Figure 5. Sulforaphane (SFN) ameliorates cholesterol accumulation in Npc1^-/- mouse embryonic fibroblast (MEF) cells.

(A) SFN (15 μM) treatment induced TFEB nuclear translocation in Npc1 MEF cells. Nuclei were counterstained with DAPI (blue). Scale bar, 20 μm. (B) Average ratios of nuclear vs. cytosolic TFEB immunoreactivity shown in (A). N = 20 from three independent repeats. (C) SFN (15 μM, 24–72 h) reduced cholesterol accumulation in Npc1 MEF cells by filipin assay. Scale bar, 20 μm. (D) Quantification analysis of cholesterol accumulation levels shown in (C). N = 15 randomly selected cells from at least three independent experiments. (E) Effects of SFN (15 μM, 12 h) on the intensity of LAMP1 in Npc1 MEF cells. Scale bar, 20 μm. (F) Quantification of LAMP1 intensity shown in (E). N = 20 randomly selected cells from at least three independent experiments. (G) Effects of SFN (15 μM, 12 h) on lysosome acidity in MEF cells. Scale bar, 20 μm. (H) Quantification analysis of LysoTracker intensity shown in (G). N = 20 randomly selected cells from at least three independent experiments. For all the panels, data are presented as mean ± s.e.m.; *p<0.05, **p<0.01, ***p<0.001.

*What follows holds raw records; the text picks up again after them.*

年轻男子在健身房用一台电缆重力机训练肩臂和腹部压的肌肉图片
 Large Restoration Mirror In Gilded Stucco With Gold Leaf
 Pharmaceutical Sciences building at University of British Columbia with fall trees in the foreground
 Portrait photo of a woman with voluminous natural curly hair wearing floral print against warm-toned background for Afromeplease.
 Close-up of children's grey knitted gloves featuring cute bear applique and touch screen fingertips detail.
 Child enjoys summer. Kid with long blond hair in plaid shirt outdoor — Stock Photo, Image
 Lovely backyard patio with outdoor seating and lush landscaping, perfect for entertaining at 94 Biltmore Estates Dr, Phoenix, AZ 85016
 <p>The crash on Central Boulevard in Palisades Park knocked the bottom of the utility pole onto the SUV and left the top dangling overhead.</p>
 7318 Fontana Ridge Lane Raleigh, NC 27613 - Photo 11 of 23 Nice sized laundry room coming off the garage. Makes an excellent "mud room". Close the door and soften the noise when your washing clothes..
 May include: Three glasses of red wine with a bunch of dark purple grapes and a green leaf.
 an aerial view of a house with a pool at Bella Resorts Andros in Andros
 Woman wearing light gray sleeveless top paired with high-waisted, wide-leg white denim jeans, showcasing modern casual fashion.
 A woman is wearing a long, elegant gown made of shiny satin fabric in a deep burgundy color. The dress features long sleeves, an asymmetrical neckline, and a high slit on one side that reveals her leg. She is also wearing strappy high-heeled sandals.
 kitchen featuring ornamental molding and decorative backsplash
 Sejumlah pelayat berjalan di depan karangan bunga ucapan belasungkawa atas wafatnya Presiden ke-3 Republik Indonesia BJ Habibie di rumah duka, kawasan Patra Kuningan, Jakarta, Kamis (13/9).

SFN alleviates the loss of Purkinje cells and body weight in Npc1^-/- mice

Considering that SFN promotes lysosomal cholesterol clearance in both human and murine NPC1 cell models (Figures 1, 2 and 5) and reportedly penetrates blood–brain barrier (BBB) (Kim et al., 2013; Mao et al., 2019; Tavakkoli et al., 2019). We next investigated whether SFN targets/activates TFEB in brain. 4-week-old BALB/cJ mice were intraperitoneally injected with SFN (50 mg/kg) or vehicle for 12 h, brain tissues, including cerebellum and hippocampus, were collected, and pS211-TFEB/TFEB levels were measured by western blotting. As shown in Figure 6A and B, we observed a significant decrease of pS211-TFEB protein in brain tissues with SFN treatment compared to vehicle, suggesting that TFEB in the brain was directly targeted by SFN treatment. This is the first time that SFN was shown to directly active TFEB in the brain. We then evaluated the in vivo therapeutic efficacy of SFN. Npc1^-/- mice (4-week-old) were treated with SFN (30 or 50 mg/kg) by daily intraperitoneal injection for 4 weeks. Purkinje cells located in the cerebellum are the most susceptible to NPC1 loss and exhibit a significant selective loss in the anterior part of the cerebellum (Sarna et al., 2003). Purkinje cells in cerebellum sections were stained by calbindin and quantified by recording the number of surviving cells in lobules/mm of Purkinje cell layer. As shown in Figure 6C and D, little survival of Purkinje cells in vehicle-treated Npc1^-/- cerebellum, in contrast, daily injection of SFN (50 mg/kg) in Npc1 mice prevented a degree of Purkinje cell loss, particularly in the lobule IV/V of cerebellum. Body weight is another important indicator of therapeutic efficacy in Npc1 mice. Typically, Npc1 mice weight plateaus at 6–7 weeks of age, and then progressively declines. Notably, we observed that daily intraperitoneal injection of SFN (50 mg/kg) exhibited a significant improvement in weight loss of Npc1 mice (Figure 6E). However, SFN treatment has no effect on the liver and spleen enlargement of Npc1 mice (data not shown). Collectively, our results demonstrated that pharmacological activation of TFEB by small-molecule agonist can mitigate NPC neuropathological symptoms in vivo.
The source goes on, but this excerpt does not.